The air vibrated as if someone had struck a tuning fork. She let him go first, releasing him in slow inches before wrapping her hands over her chest, hugging herself. “Guess I’ll be seeing you around.”

He cocked his head, peered harder. Screw the double vision, this was like trying to read invisible words between the lines. “You will?”

“Um. Yeah.” She mashed her lips, trying and failing to stamp out a flicker of amusement. “Not sure if you’ve noticed but your face happens to be on about a jillion billboards, plus that new commercial.”

“Ah. That cereal one.” He glanced to the door. He knew what would happen if he walked out. He’d head to the gym. He’d take out this mounting sexual frustration on free weights. Do a few seven-minute miles. Sweat the poisons out.

“Sorry. Let me get that.” She jumped to the door, mistaking his confusion for a sign to leave.

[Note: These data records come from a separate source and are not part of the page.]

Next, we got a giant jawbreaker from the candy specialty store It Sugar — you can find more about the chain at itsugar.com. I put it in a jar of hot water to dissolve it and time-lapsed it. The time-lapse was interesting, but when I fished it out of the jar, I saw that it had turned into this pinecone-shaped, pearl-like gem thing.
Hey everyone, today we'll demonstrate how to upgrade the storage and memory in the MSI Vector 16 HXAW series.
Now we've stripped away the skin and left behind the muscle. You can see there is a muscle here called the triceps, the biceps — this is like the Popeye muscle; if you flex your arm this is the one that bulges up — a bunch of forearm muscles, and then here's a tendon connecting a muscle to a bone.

Shit. He didn’t want to go, but he didn’t know how to be a fucking normal guy. He gave her a curt nod and slung on his jacket. “Goodbye, Breezy Angel.” He stepped over the threshold.

“Goodbye, Jed West.”

And just like that, the door snicked shut. He turned and strode to the edge of the porch, rain came down hard, the sky breaking open. A strengthening wind stole through his sweatpants, the coolness on his tensed quads a stark contrast to the snug warmth of the cottage to his back. He flipped up his hood. A quick wet dash to his Land Rover and he’d be on his way, racing back to his real life.

It wasn’t a conscious thought that caused the pivot. He was knocking before fully registering what he’d done. The door swung open and she leaned against the frame, brow wrinkled with uncertainty. “Forget something?”

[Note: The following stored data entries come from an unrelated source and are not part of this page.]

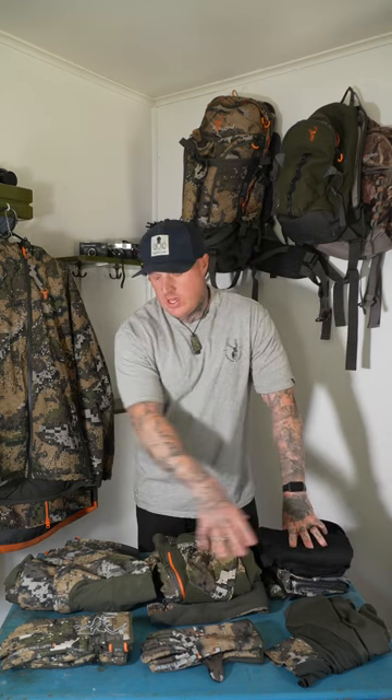So if you're thinking about getting into a layering system and getting away from the stubbies and a bush shirt setup, go to hunterselement.co.nz, check out all the different layering options and get geared up for the roar.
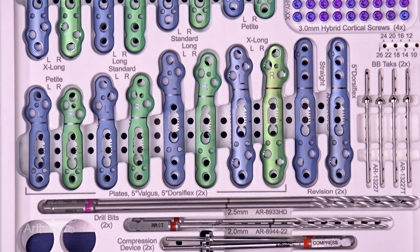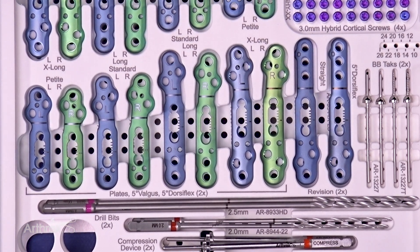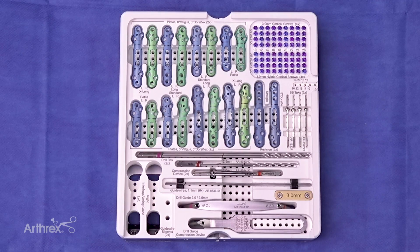Available in the MaxForce set are petite, standard, long, and extra long plates, in addition to a revision plating system. The plates are available in 0-degree valgus and 0-degree dorsiflexion, and also 5-degree valgus and 5-degree dorsiflexion, and each plate comes in right and left sided.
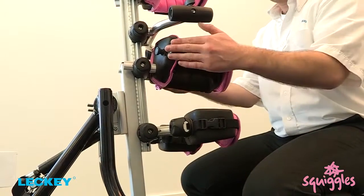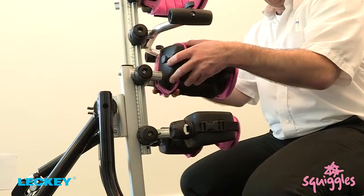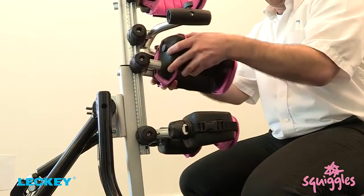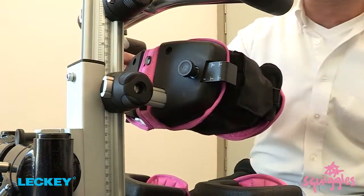The hip and knee sections can be height, depth, and angle adjusted using the coffee jar lids also. All sections can be locked tight with a straight head screwdriver.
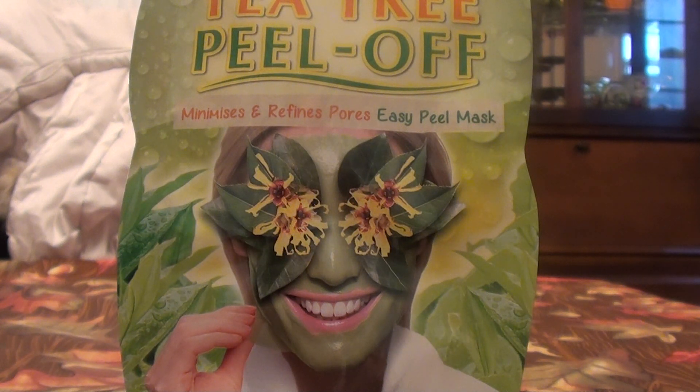I love to use peel-off masks such as this one on the nose — that's the only part I apply it to. I apply it starting from between my eyes all the way down to where my upper lip starts, then drag it down the sides of the nose. I do this a few times a month as a treatment, and it really makes a difference. It helps with blackhead removal and things like that.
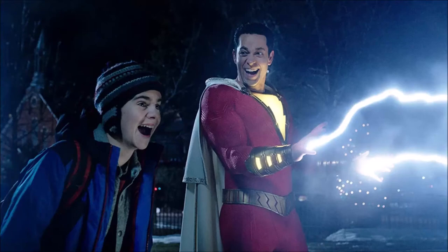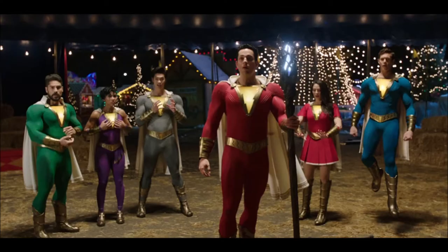What is up guys, welcome back to another video. Today I want to talk about Shazam 2, or Shazam: Fury of the Gods, which has started filming recently and we already have a leak for it — it's the new costume. I can't show you this image but I can try to describe it to you.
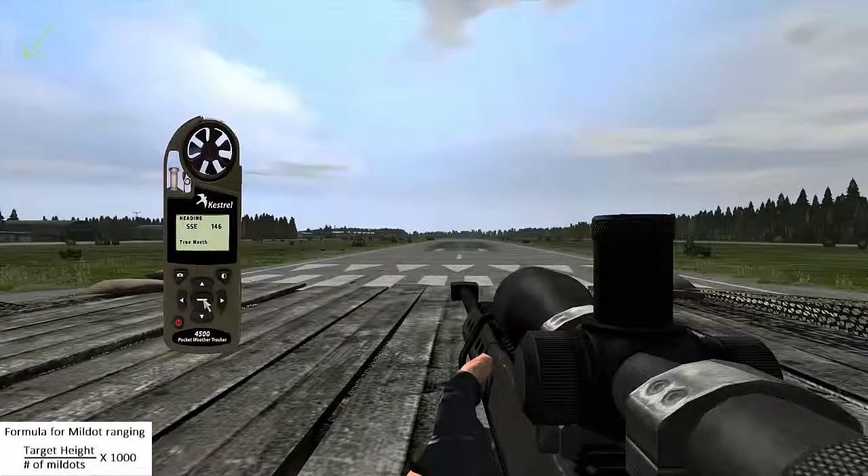If you happen to have brought a Kestrel 4500, you can use it to determine crosswind by pressing the calibrate button and then the left button.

“Yeah.” He stepped forward, catching a whiff of her shampoo’s perfume, the sweet coconut. “I’ve got a question.”

“Shoot.” Her two top teeth fastened to her lower lip.

“What’s it like?” He reached for a tousled wave escaping her top knot and coiled the lush strands around his finger with a gentle tug. “Kissing that pretty mouth?”

A shy gleam flared in her eyes. “Some mysteries you can never unravel unless you try.”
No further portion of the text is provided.